■ **Records to process**
......

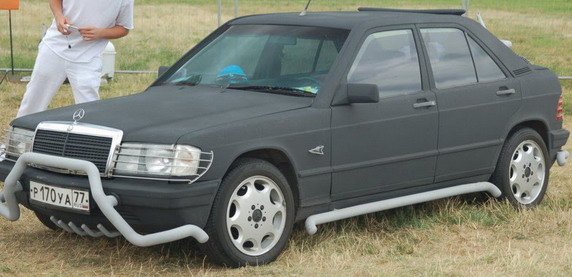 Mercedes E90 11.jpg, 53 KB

......

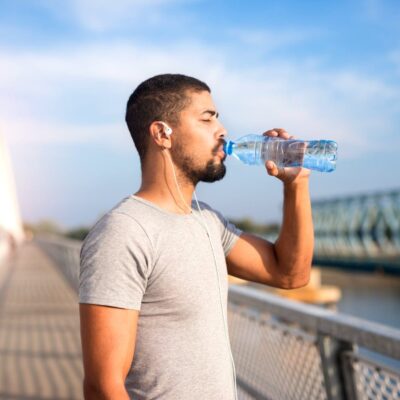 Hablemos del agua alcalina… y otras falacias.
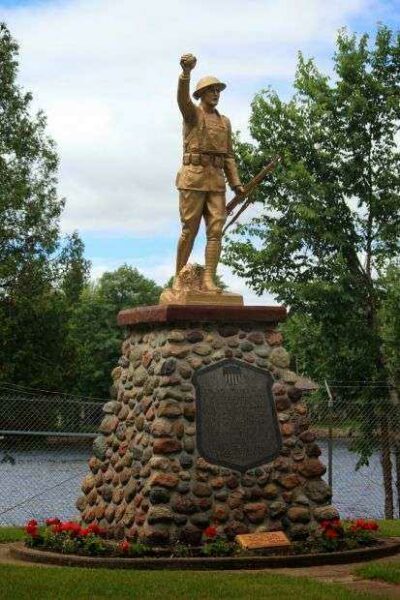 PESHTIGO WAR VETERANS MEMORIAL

......

■ **Work instructions**
Repeat exactly the lines above, from the line that contains "Hablemos del agua" down through the line that contains "PESHTIGO WAR VETERANS MEMORIAL". Include both of those lines and none of the pictures.

■ **Output of the task**
 Hablemos del agua alcalina… y otras falacias.
 PESHTIGO WAR VETERANS MEMORIAL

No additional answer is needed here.